--- Activity ---
Exactly the lines from the start of the data below through the line that contains "Kyrgyzstan biking vacation" are to be copied, with pictures left out.

--- Input material ---
· · ·

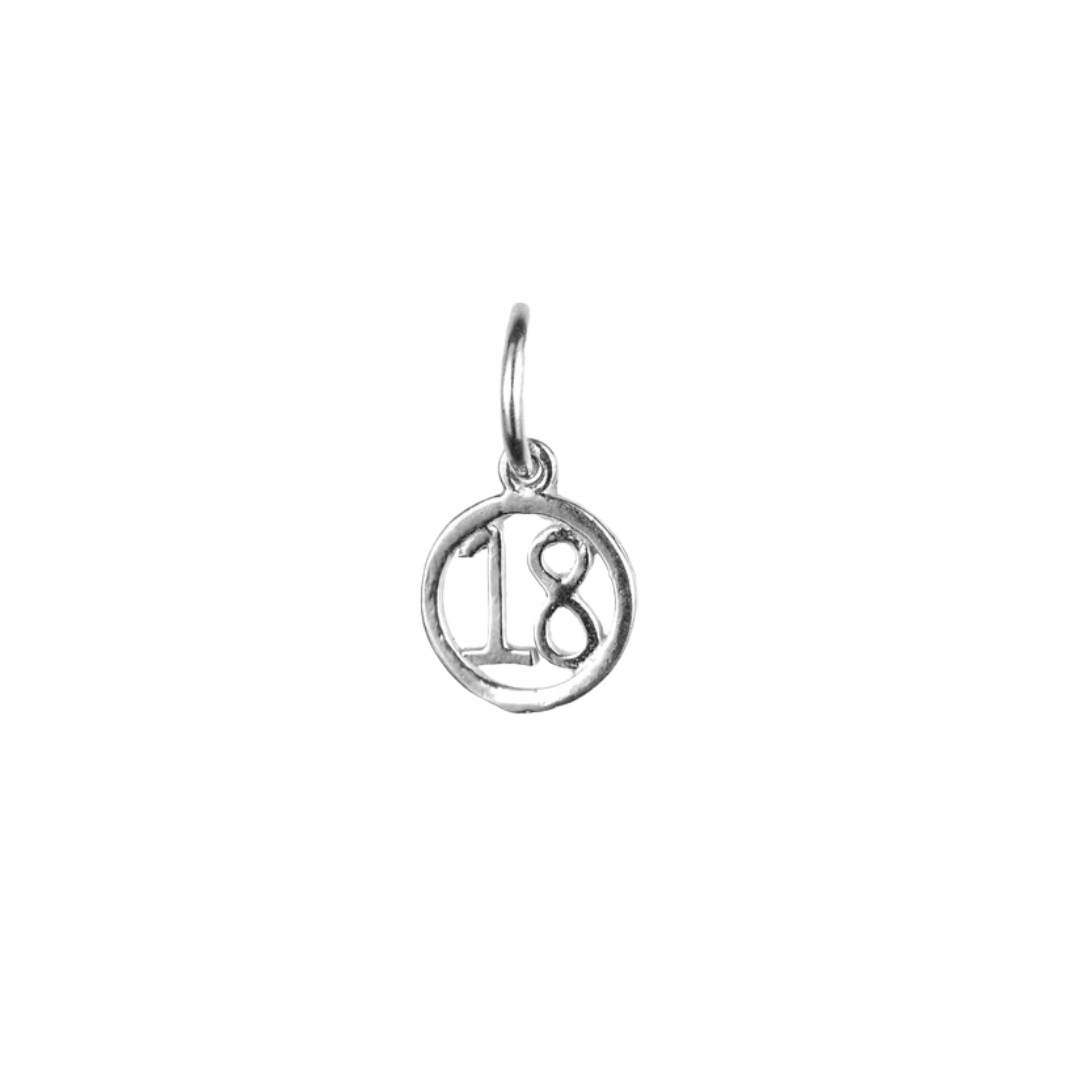 18th Birthday Charm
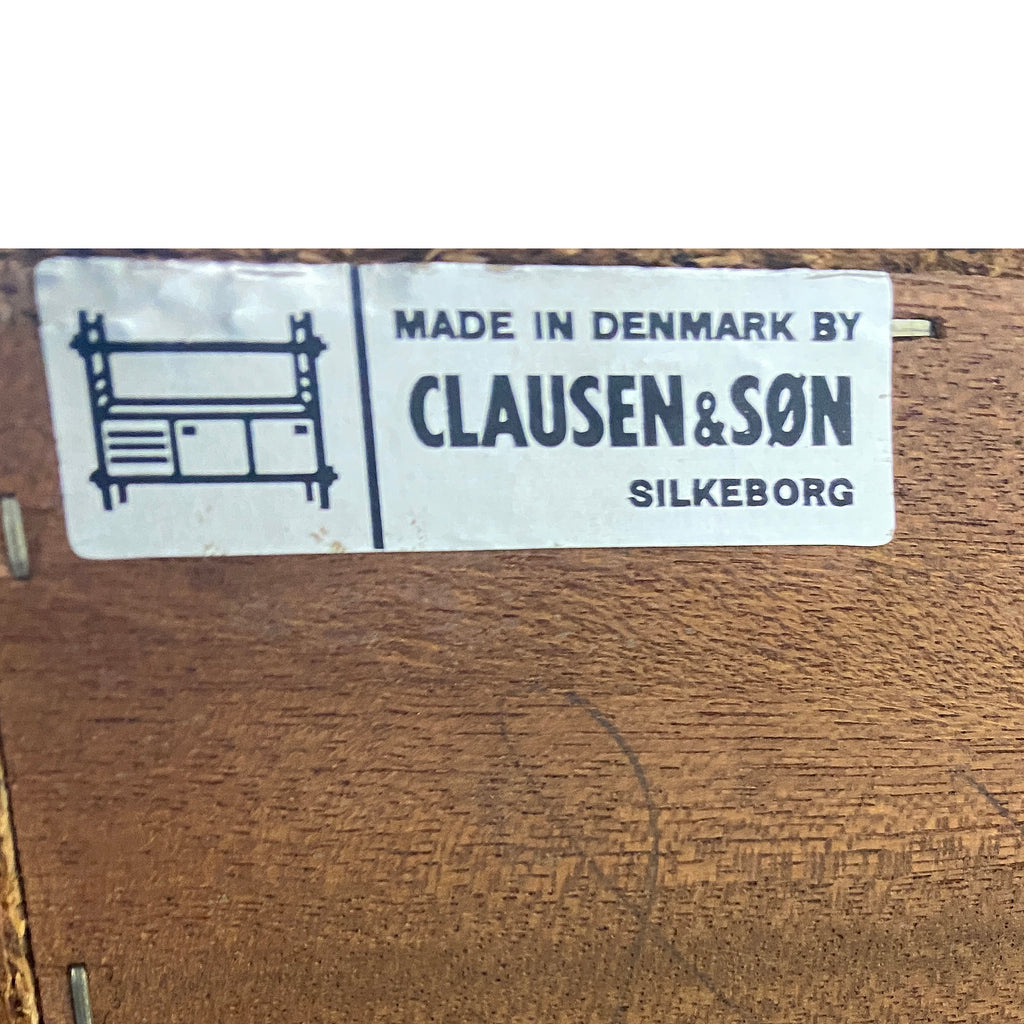Danish Mid Century Rosewood Sideboard By Clauson & Son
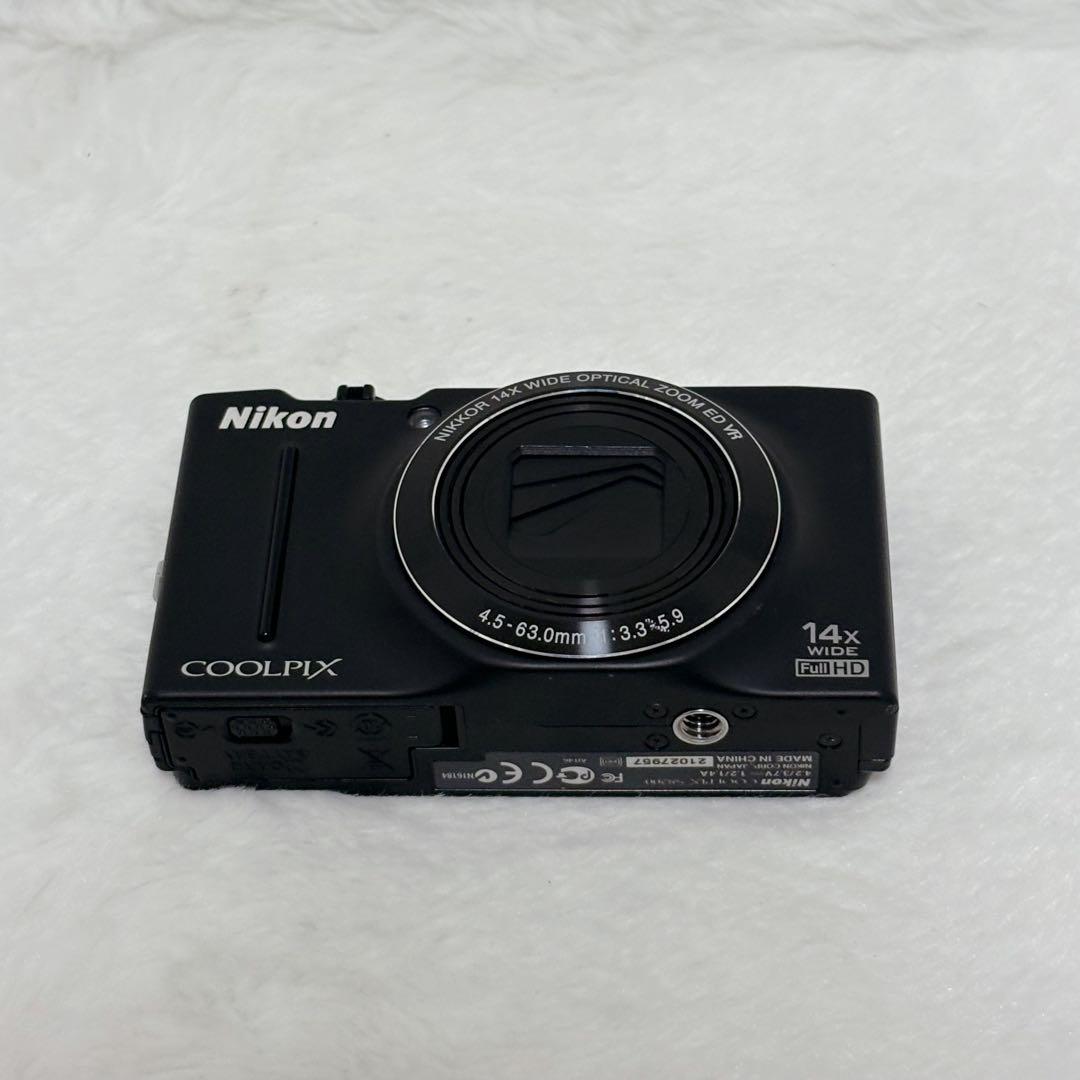 【美品】Nikon COOLPIX S8200 コンパクトデジタルカメラ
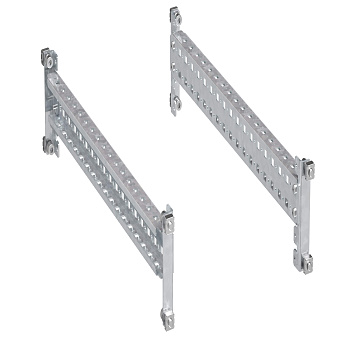 Рейка боковая усиленная Г=600 мм, 1кмп=2шт. DKC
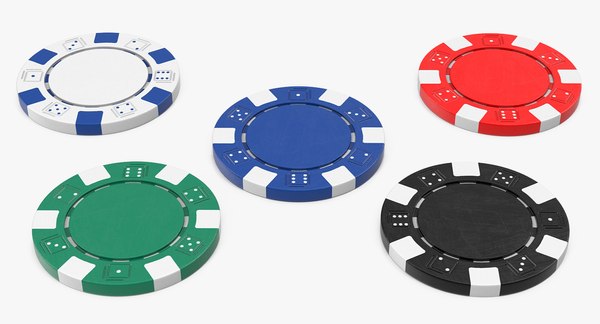 Poker chips set 3D - TurboSquid 1199547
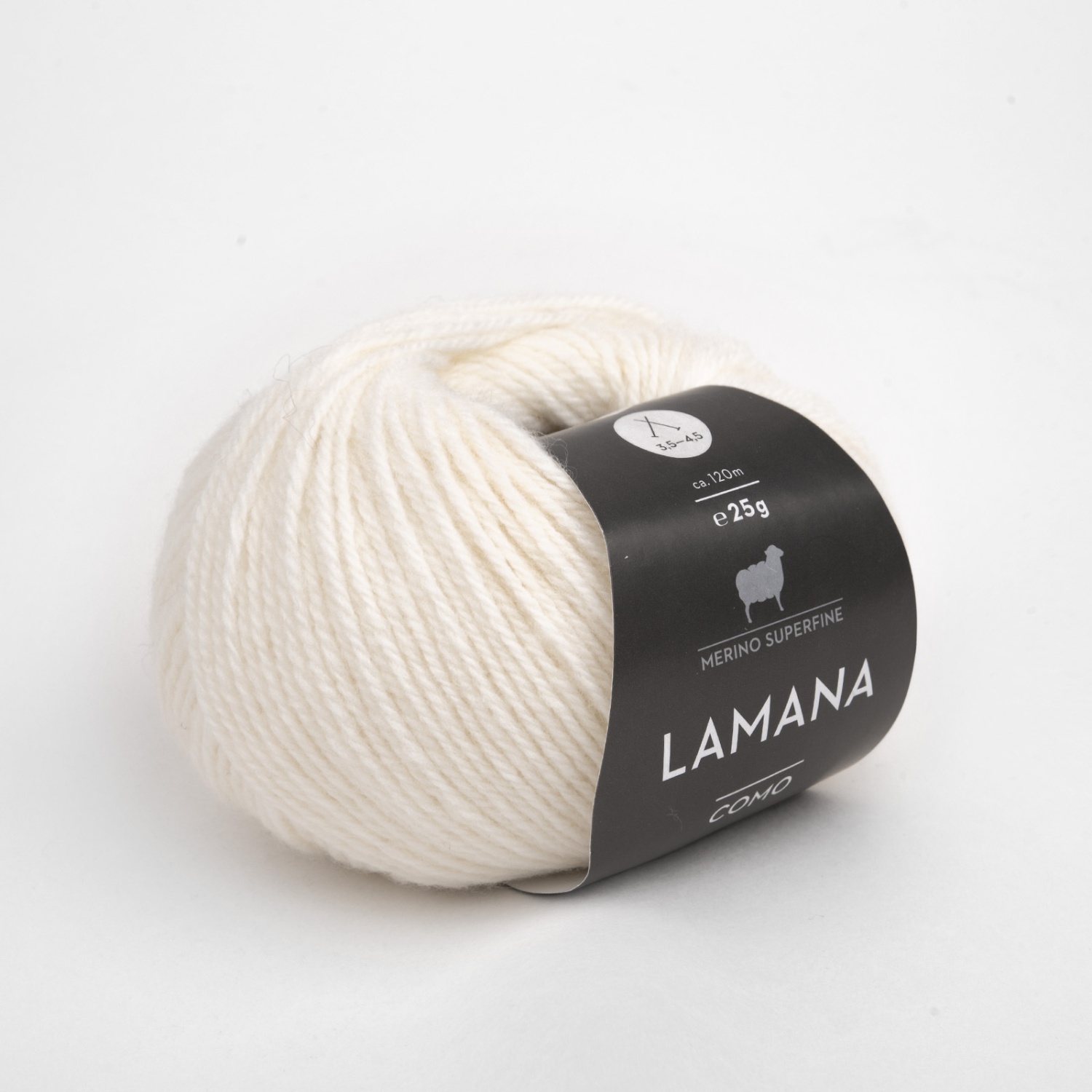 Пряжа Lamana Como 25г 0000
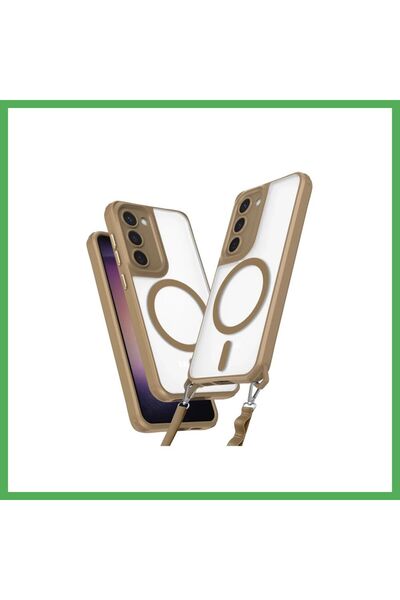 Nur store Çanta غطاء متوافق مع هاتف Samsung Galaxy S23 Plus، غطاء سيليكون Enk...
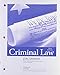 Bundle: Criminal Law, Loose-leaf Version, 12th + MindTap Criminal Justice, 1 term (6 months) Printed Access Card, Enhanced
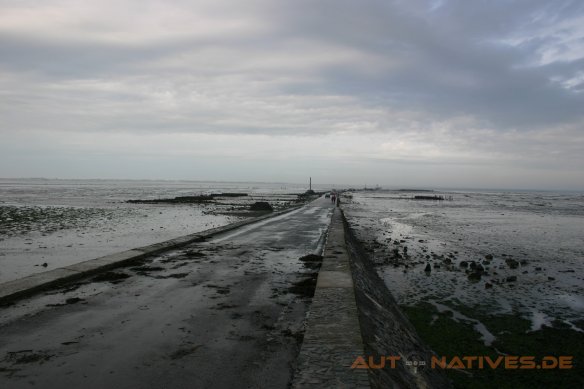 Passage du Gois – eine Straße im Meer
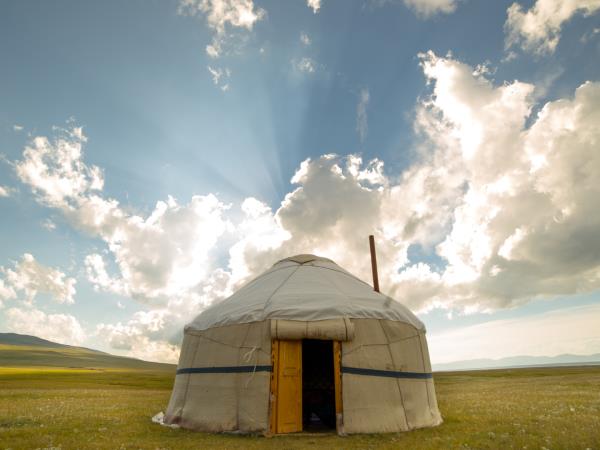 Kyrgyzstan biking vacation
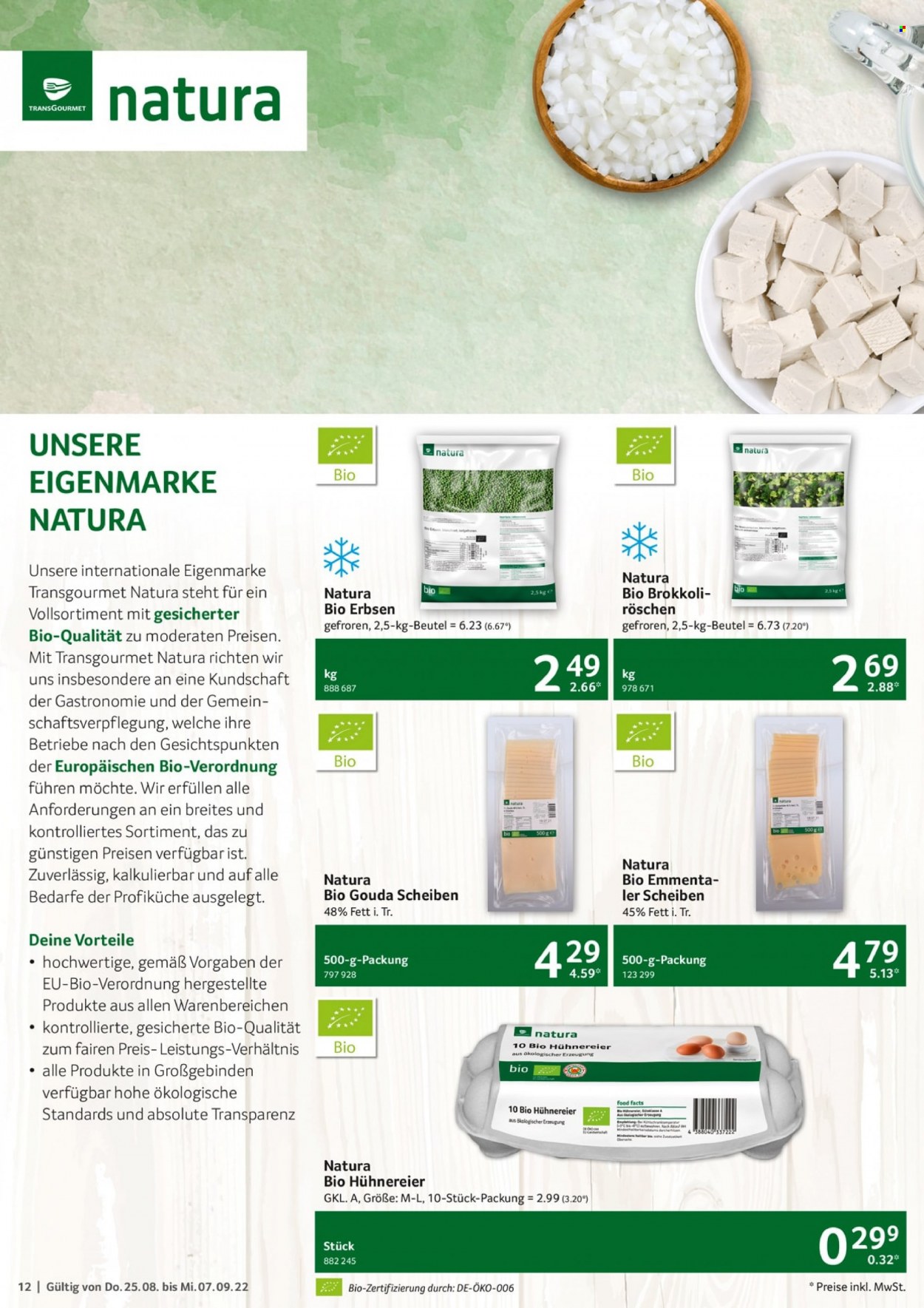Selgros Prospekte  - 25.08.2022 - 7.09.2022. Seite 12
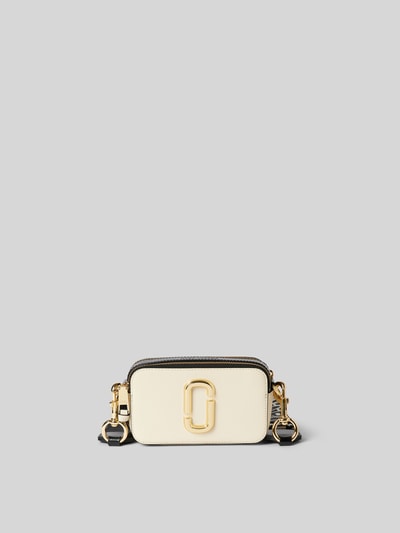 Marc Jacobs Crossbody Bag aus echtem Leder Weiss 2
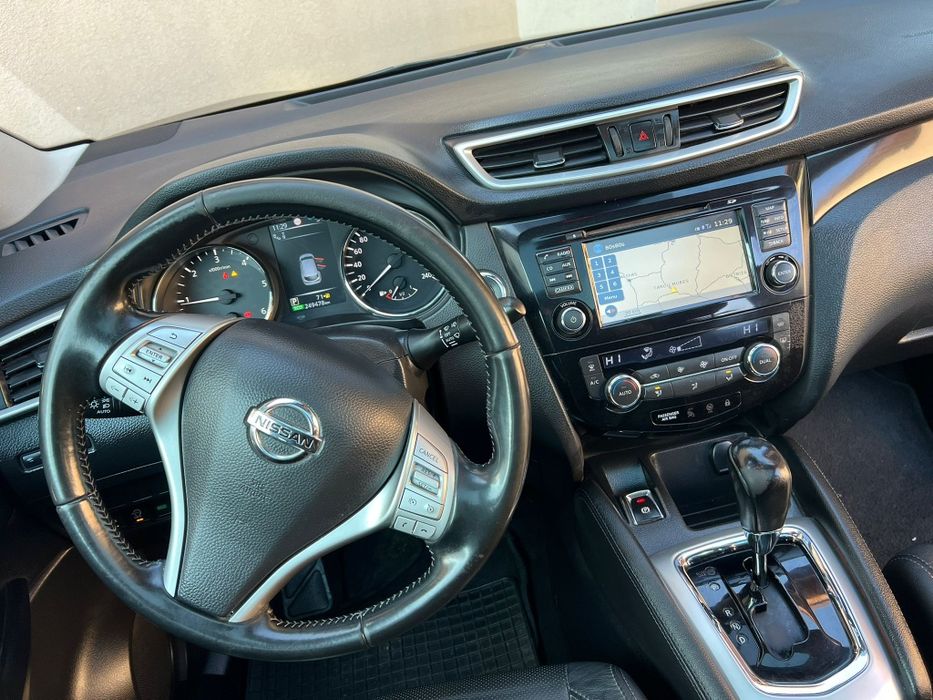 Nissan Qashqai Tekna 1.6 D*Automat*Full Options*Panoramic*Piele*Xenon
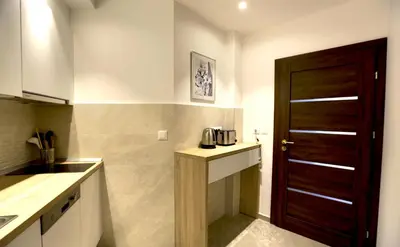 Kuhinja ili čajna kuhinja u objektu Villa Lenka and Mate Ivanac
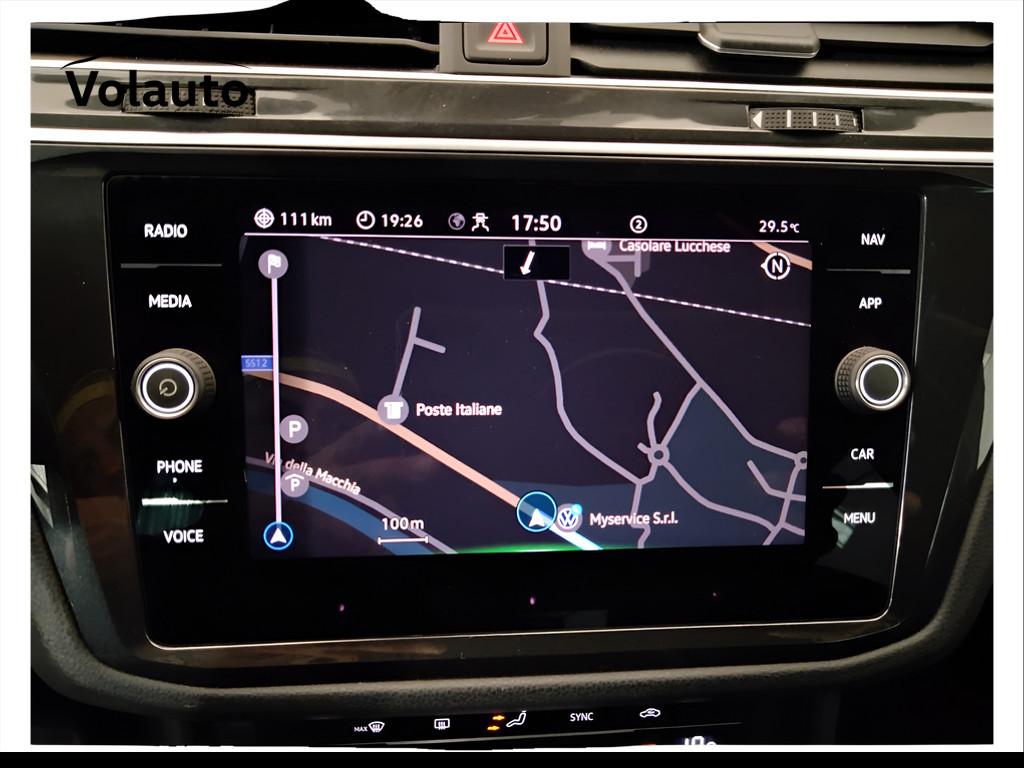 VOLKSWAGEN Tiguan II 2021 - Tiguan 2.0 tdi R-Line 150cv dsg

· · ·

--- Problem solution ---
 18th Birthday Charm
Danish Mid Century Rosewood Sideboard By Clauson & Son
 【美品】Nikon COOLPIX S8200 コンパクトデジタルカメラ
 Рейка боковая усиленная Г=600 мм, 1кмп=2шт. DKC
 Poker chips set 3D - TurboSquid 1199547
 Пряжа Lamana Como 25г 0000
 Nur store Çanta غطاء متوافق مع هاتف Samsung Galaxy S23 Plus، غطاء سيليكون Enk...
 Bundle: Criminal Law, Loose-leaf Version, 12th + MindTap Criminal Justice, 1 term (6 months) Printed Access Card, Enhanced
 Passage du Gois – eine Straße im Meer
 Kyrgyzstan biking vacation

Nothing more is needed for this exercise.